US using Hong Kong unrest as bargaining chip

Source:Global Times Published: 2019/6/17 22:11:00

Photo: IC

Heightened interference by external forces including the US and Europe in fomenting unrest in Hong Kong has encouraged protesters to create more trouble in the city. 

These forces claimed that if the amendment to the extradition bill is passed, rights and legal protection to their personnel and institutions based in Hong Kong will be weakened.

At the same time, the US and Europe took advantage of the concern among Hongkongers to play the Hong Kong card, aiming to pressure China. Washington apparently wants to use Hong Kong to strong-arm Beijing. 

The Hong Kong Special Administrative Region (HKSAR) tried to restore calm by announcing on Saturday that it will suspend the process of amending the bill. The HKSAR government wants to prevent turmoil, injuries and defend fundamental national interests. 

The suspension was a compromise, but the opposition wouldn't necessarily buy it. A protest on Sunday demanded the bill be scrapped. Such being the case, whether the suspension will lead to the protests folding up depends on how the opposition and external forces behind it treat Hong Kong. 

The revised extradition bill will have no real impact on Hongkongers who abide by laws. The reason society in Hong Kong reacted so strongly was that the opposition used it to create fear among citizens. 

Many Hongkongers don't understand that the amendment helps improve the rule of law in Hong Kong. Because of their distrust of judiciary and rule of law on the mainland and their scarce knowledge, they were full of fear of someday being handed over to the mainland and sentenced there. Young people, in particular, accepted opposition propaganda without going into details of the proposal.

The episode showed that Hong Kong lacks quality national education. Many people's knowledge of the national system and rule of law on the mainland is still superficial. This is what both central and HKSAR governments should take seriously because it is related to Hongkongers' national identity. Otherwise, any legislation and decision in the future that involves national integration may meet the same fate. 

The central government has adopted many policies, such as developing the Guangdong-Hong Kong-Macao Greater Bay Area, to help solve livelihood problems in Hong Kong and promote the development of the city and the mainland. But not many Hongkongers hail the policies. 

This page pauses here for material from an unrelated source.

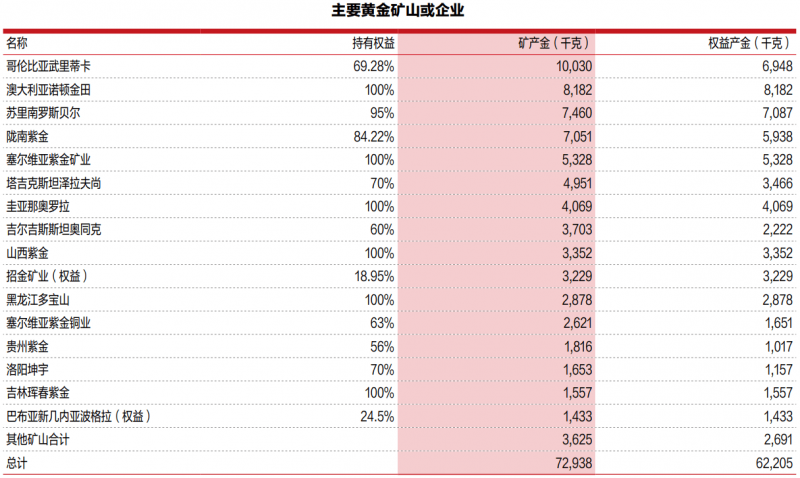 仅葬马头不葬马身 叶县楚墓葬俗奇异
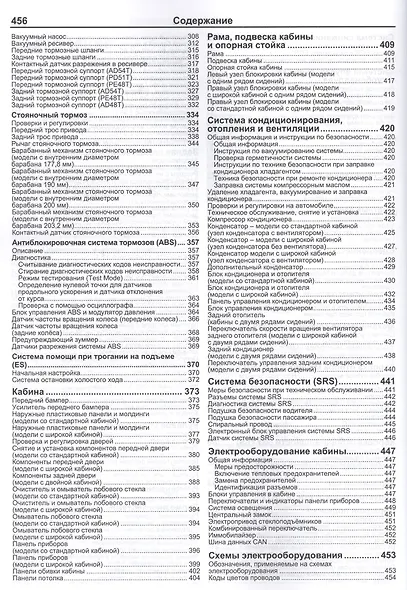 Hino 300, Hino Dutro, Toyota Dyna/ToyoAce. Модели с 2011 года выпуска с дизельным двигателем N04C(4,0 л). Руководство по ремонту и техническому обслуживанию. Каталог расходных запасных частей - фото 4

Due to Hong Kong's colonial history of more than 150 years and a sense of superiority complex, most Hongkongers don't have the urge and opportunity to visit the mainland and thus don't really know about it. This means that even though the central government has a set of proactive policies, the actual effects accrue slowly. 

Authorities' previous work has overlooked that Hong Kong itself needs to make some changes. Current measures to integrate Hong Kong with the mainland's development could have certain limitations. 

Hence, some changes are needed. Authorities should consider how to let Hongkongers be part of integrated development and what changes Hong Kong itself should make. If the city's education system and sociocultural atmosphere don't change, policies from the outside will have limited effect. 

Many liberals in Hong Kong admire US-style liberalism. However, many of them were disillusioned after US President Donald Trump took office, and then became lost. The violence during protests is an outcome of such confusion. The Hong Kong elites have values consistent with those of the West. When they were motivated and supported by the US, they would participate in the protests more enthusiastically. 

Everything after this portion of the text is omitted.